Exercise materials:
*-*-*

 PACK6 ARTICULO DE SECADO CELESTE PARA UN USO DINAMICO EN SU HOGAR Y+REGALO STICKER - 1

*-*-*

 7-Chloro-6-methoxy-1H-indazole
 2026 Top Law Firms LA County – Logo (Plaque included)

*-*-*

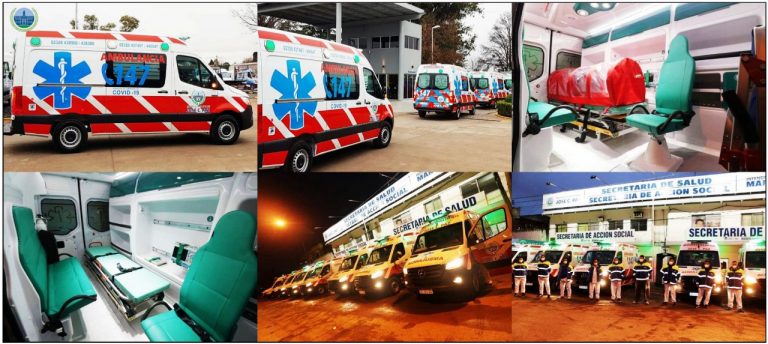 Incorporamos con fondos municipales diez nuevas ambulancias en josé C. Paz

*-*-*

Set down, from the entries above, exactly the lines from the one with "7-Chloro-6-methoxy-1H-indazole" up to and including the one with "2026 Top Law", and no other lines.

Output for this exercise:
 7-Chloro-6-methoxy-1H-indazole
 2026 Top Law Firms LA County – Logo (Plaque included)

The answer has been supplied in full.